Newbie that has never visited/stayed at any timeshares in the OBX.  My question is for those of you that have, and can make a comparison among those in that area, which are the "nicest", best traders, etc.  Just trying to get some idea of how these units/resorts are.   Please give me some input on these TS's as we are considering buying in this area.  Also are there any point systems in the OBX?  Sorry if this is too general, just trying to learn and absorb any and all info.  THANKS, Jeff


----------



## Fayeoctober (Jun 21, 2012)

My basic familiarity is with the Barrier Island Station timeshares.  Barrier Island Station in Duck has the best location - maybe the best in the Outer Banks - but has not always been maintained as well as it should be.  Maintenance fees were probably too low for a number of years and the original developer kept tight control even when it was sold out.  During the past few years, the board has raised the maintenance fees to a more realistic level, hired a much better management company, and improvements have definitely been made, but it will take time.  I suggest staying away from Barrier Island Station in Kitty Hawk, which while it is the newest of the three, is not near the beach, and consequently has the least demand.  There are also timeshares in Kitty Hawk called the Outer Banks Beach Club I and II but I am not familiar with them nor am I familiar with any of the ones in Nags Head.  Duck for the most part is a quieter town, there are no large supermarkets, and people want it that way.  There are some good restaurants and nice shopping.  If you buy, only do so on the resale market.  There have been some good buys on Ebay, but you may have to be patient.  Unless you are buying from a person who converted to points, BIS is weeks based, and I suggest only buying in a season you can use.


----------



## Egret1986 (Jun 21, 2012)

*My suggestion would be to visit the OBX and the resorts before buying.*



susquehannaretriever said:


> Newbie that has never visited/stayed at any timeshares in the OBX.  My question is for those of you that have, and can make a comparison among those in that area, which are the "nicest", best traders, etc.  Just trying to get some idea of how these units/resorts are.   Please give me some input on these TS's as we are considering buying in this area.  Also are there any point systems in the OBX?  Sorry if this is too general, just trying to learn and absorb any and all info.  THANKS, Jeff



You say that you have never visited/stayed at any timeshares on the OBX.  I assume that you have been to the OBX.  Did you travel around to the different areas?  Was there a particular area of the OBX that you enjoyed more?

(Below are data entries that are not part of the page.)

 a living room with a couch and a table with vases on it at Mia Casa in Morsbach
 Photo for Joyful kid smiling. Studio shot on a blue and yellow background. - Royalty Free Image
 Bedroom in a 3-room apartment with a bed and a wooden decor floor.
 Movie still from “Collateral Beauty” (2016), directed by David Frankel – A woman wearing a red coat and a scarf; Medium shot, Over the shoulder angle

I grew up going to the Outer Banks long before timeshares.  I have owned at several of the resorts on the Outer Banks.  Everything is a matter of opinion.  What's the best for one person may not be for another.

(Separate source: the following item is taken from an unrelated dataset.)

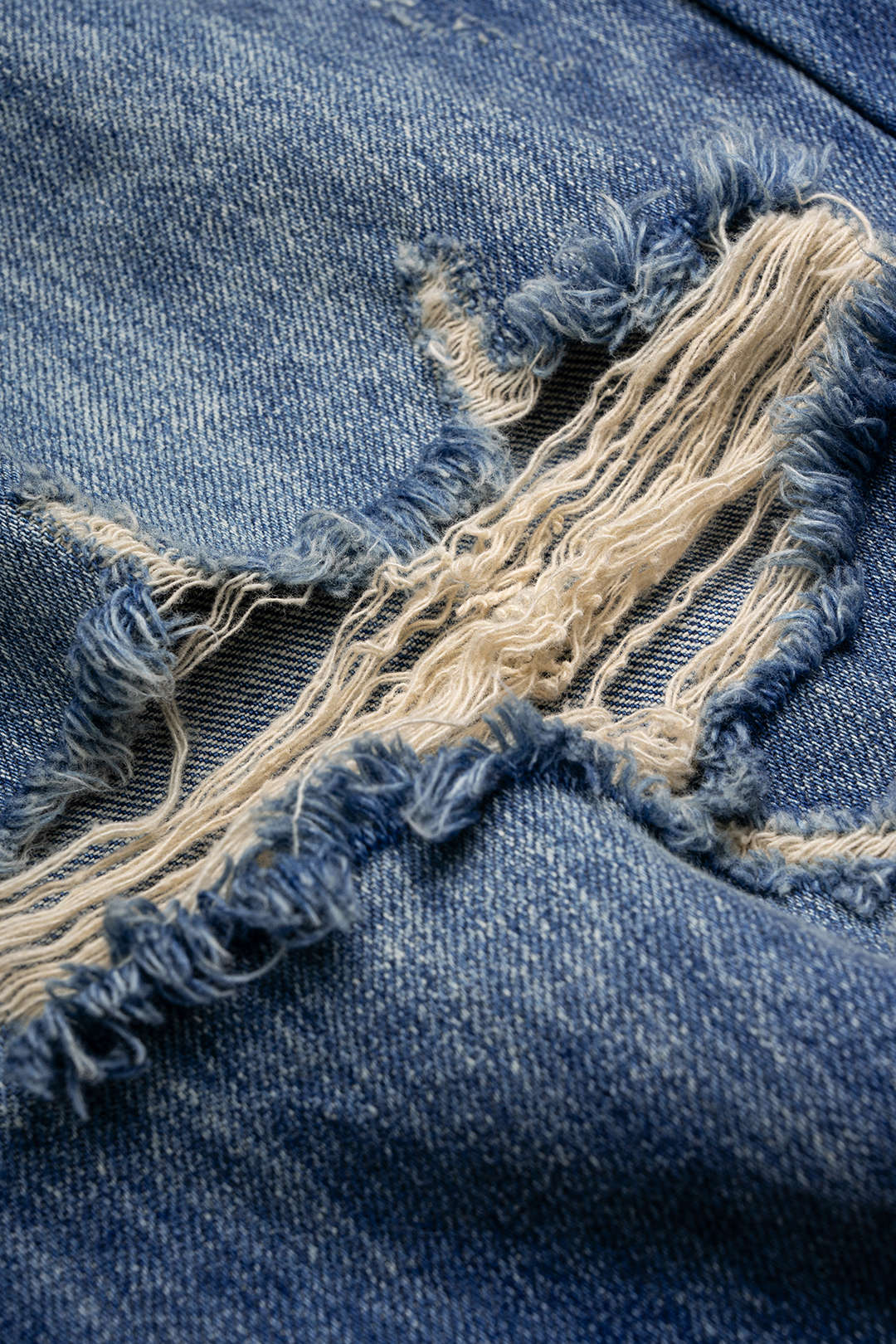 Denim Asymmetrical Frayed Barrel Jeans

I have purchased BIS Duck and BIS Kitty Hawk in Points off eBay, but removed them from RCI Points after purchasing.  They are more valuable to me out of Points.  I believe the reason that I was able to purchase these for a low cost was because they were in Points and sometimes that drives people away from them.  JMHO on that.

As stated previously, buy in the season that you can use.  Don't buy an off-season week hoping to trade for summer.  Also as stated, OBX prime weeks do show up on eBay, but you do have to be patient. 

If you can travel to the OBX, either for a week or a long weekend, do it and visit the different areas of the Outer Banks, as well as the resorts.  Become a Member of TUG (only $15/year) and check out the reviews of the various resorts.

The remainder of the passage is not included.